Alguém seria capaz de enumerar meia dúzia de objetos comuns que desempenhem funções tão ecléticas e imprescindíveis quanto as de um espelho? É possível que sim, mas duvido que seja uma tarefa muito fácil. Tentei fazer uma associação livre com um espelho e a primeira palavra que me ocorreu foi vaidade. Isto sucedeu apenas porque é esta a sua serventia mais freqüente, mas também a menos significativa. Vamos imaginar como seria a nossa vida sem este singelo refletor de imagens, começando por aqueles papéis que ele presta e que menos chamam a atenção. Quando eu tinha cerca de oito anos de idade, meu pai me levou ao Parque Shangai, e foi exatamente a Sala dos Espelhos aquela que, não apenas mais me divertiu, mas também mais me deu o que pensar. Foi o primeiro lugar onde constatei um fato que — embora alegoricamente — me trouxe uma lição: os seres humanos nunca são aquilo que aparentam ser! Na sala dos espelhos do parque todos mostravam fisicamente aquilo que o seu caráter refletia no plano psicológico. Ali, indivíduos altos pareciam achatados; gordos se tornavam longilíneos; magros, brevilíneos; mulheres lindas se transformavam em bruxas repugnantes e assim por diante. Assim, apesar dos meus escassos oito carnavais, consegui interpretar que cada um de nós reage também, como se estivesse diante de um espelho deformador de imagem, perante situações diversas. Uma simples frase de Miguel de Unamuno é capaz de resumir tudo o quero dizer agora: "Nós não somos somente nós: nós somos nós e a nossa circunstância". Pois muito antes de sequer ouvir falar em Unamuno, eu cheguei, literalmente por vias tortas, a esta mesma conclusão, freqüentando a Sala dos Espelhos do Parque Shangai.

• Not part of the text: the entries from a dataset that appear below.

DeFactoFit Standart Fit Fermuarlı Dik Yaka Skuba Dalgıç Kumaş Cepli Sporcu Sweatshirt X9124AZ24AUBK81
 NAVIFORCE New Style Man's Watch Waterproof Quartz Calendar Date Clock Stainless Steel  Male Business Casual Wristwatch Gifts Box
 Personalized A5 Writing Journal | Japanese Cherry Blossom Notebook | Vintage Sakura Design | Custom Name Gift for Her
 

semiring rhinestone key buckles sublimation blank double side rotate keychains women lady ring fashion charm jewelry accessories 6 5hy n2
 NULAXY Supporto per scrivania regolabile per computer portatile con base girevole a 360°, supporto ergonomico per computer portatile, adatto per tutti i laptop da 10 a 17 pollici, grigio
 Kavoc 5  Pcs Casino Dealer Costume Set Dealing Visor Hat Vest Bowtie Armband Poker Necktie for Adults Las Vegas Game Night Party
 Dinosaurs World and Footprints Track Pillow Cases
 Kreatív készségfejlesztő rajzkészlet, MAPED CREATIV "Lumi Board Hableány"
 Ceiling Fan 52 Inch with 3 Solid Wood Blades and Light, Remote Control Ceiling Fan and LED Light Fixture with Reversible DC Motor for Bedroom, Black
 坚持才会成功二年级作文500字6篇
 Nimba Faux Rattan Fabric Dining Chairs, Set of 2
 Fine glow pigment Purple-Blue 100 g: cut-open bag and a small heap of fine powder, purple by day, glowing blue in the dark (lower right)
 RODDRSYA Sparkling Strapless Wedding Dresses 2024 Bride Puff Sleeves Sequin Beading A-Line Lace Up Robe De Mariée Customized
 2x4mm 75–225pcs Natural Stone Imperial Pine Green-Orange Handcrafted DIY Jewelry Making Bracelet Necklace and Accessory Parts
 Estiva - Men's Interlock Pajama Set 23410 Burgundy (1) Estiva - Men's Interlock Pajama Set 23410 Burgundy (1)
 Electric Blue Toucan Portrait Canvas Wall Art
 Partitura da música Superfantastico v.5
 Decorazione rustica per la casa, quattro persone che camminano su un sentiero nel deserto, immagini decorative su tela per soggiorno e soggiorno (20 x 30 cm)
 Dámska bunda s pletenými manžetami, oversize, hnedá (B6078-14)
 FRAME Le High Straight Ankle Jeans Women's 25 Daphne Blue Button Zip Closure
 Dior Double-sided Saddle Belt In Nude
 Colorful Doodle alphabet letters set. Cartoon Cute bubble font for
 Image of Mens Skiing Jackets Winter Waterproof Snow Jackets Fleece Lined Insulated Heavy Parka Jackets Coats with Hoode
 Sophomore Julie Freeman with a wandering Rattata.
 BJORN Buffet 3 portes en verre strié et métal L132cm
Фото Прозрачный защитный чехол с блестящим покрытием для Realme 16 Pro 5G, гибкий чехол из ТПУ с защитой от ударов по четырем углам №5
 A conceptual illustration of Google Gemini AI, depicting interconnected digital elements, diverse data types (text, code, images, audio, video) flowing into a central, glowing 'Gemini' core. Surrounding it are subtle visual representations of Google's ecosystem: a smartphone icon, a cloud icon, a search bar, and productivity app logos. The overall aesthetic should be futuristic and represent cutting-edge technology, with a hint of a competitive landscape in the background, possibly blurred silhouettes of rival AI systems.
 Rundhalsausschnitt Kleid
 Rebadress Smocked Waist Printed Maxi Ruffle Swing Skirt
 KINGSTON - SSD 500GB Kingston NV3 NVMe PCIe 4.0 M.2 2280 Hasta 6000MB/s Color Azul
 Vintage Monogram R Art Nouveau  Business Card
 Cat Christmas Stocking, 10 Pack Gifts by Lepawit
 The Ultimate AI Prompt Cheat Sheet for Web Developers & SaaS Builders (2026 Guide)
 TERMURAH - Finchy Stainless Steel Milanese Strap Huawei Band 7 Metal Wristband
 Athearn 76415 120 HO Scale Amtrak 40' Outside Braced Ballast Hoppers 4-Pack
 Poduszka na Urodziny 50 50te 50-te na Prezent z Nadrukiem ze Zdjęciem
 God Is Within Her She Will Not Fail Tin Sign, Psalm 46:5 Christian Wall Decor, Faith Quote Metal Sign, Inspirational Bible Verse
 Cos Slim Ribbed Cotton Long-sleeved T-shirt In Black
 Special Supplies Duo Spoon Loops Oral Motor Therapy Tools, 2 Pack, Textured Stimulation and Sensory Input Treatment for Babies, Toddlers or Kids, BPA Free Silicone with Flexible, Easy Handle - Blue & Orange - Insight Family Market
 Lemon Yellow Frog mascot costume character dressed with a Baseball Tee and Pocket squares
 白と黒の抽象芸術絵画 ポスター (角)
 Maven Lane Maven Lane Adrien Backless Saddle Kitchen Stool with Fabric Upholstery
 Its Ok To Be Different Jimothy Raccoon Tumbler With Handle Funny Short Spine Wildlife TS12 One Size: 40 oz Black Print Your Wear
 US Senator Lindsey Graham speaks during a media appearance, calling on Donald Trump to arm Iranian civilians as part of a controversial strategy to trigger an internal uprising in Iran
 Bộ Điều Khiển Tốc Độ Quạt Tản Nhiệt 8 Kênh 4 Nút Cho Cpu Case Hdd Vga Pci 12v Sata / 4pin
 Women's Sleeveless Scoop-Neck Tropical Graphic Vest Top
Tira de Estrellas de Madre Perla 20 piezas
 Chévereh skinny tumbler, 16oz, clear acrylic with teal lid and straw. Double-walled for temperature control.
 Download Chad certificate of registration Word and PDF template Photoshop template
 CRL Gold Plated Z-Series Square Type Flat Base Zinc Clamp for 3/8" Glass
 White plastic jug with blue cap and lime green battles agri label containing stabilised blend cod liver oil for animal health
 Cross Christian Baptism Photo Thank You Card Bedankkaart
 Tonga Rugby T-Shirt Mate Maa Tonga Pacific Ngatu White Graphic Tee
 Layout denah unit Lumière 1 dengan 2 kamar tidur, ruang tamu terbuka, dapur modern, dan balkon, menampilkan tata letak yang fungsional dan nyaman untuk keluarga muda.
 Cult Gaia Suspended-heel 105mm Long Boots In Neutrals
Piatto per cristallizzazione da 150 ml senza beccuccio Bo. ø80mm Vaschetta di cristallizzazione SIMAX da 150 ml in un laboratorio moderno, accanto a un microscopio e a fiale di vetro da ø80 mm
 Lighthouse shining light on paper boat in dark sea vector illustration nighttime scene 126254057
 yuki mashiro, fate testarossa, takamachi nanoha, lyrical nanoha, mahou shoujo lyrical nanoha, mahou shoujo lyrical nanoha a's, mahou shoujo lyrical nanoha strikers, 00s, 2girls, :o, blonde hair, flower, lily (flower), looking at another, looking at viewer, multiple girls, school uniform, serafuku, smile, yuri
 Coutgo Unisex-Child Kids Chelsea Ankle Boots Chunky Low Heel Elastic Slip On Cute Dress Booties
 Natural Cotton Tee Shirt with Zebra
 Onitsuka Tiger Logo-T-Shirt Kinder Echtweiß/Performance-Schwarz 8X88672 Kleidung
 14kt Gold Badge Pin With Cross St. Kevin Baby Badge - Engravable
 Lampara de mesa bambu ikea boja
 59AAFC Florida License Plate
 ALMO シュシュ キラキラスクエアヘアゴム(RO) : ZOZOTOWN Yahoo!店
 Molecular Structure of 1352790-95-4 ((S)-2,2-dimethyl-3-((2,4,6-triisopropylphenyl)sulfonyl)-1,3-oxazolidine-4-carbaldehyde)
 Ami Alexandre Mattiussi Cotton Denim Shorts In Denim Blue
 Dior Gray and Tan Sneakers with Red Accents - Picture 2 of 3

Mais tarde, já em plena puberdade, consegui descobrir outra função menos filosófica e mais prosaica para um espelho. No final da década de 1950, todos os meninos da minha idade conduziam obrigatoriamente nos bolsos — como quem leva hoje a chave do automóvel ou o passe do ônibus —, dois objetos: um pente e um minúsculo espelho redondo que trazia no verso a fotografia de uma mulher bonita e famosa; geralmente a de uma atriz de Hollywood. Nunca tinha ouvido falar a palavra narcisismo mas intuía muito bem que aquele comportamento tinha um significado equivalente ao daquela palavra. Eu me mirava naquele espelho umas dez ou mais vezes durante o dia. E mais, acreditava que era bonito e que aquela figura radiosa de mulher era a minha namorada. Se considerarmos ser possível existir paixão virtual sem Internet, para todos os efeitos o meu primeiro amor foi a Ava Gardner, embora, logicamente, se tratasse de um sentimento absolutamente unilateral. Mas, e daí? Não dizem os entendidos — Drumond entre eles — que o amor independe de se ser ou não correspondido? Se duvidarem, vejam estes versos do poeta:

"Eu te amo porque te amo
Não precisas ser amante,
e nem sempre sabes sê-lo.
Eu te amo porque te amo.
"Amor é estado de graça
e com amor não se paga.
Amor é dado de graça,
é semeado no vento,
na cachoeira, no eclipse.
Amor foge a dicionários
e a regulamentos vários.

"Eu te amo porque não amo
bastante ou demais a mim.
Porque amor não se troca,
não se conjuga nem se ama.
Porque amor é amor a nada,
feliz e forte em si mesmo.

"Amor é primo da morte,
e da morte vencedor,
por mais que o matem (e matam)
a cada instante de amor."

Então, para todos efeitos e com o nada desprezível endosso de Carlos Drumond de Andrade, o meu primeiro amor foi mesmo a Ava Gardner sim, senhoras e senhores. Graças a um minúsculo espelho redondo. Ou ainda há quem duvide?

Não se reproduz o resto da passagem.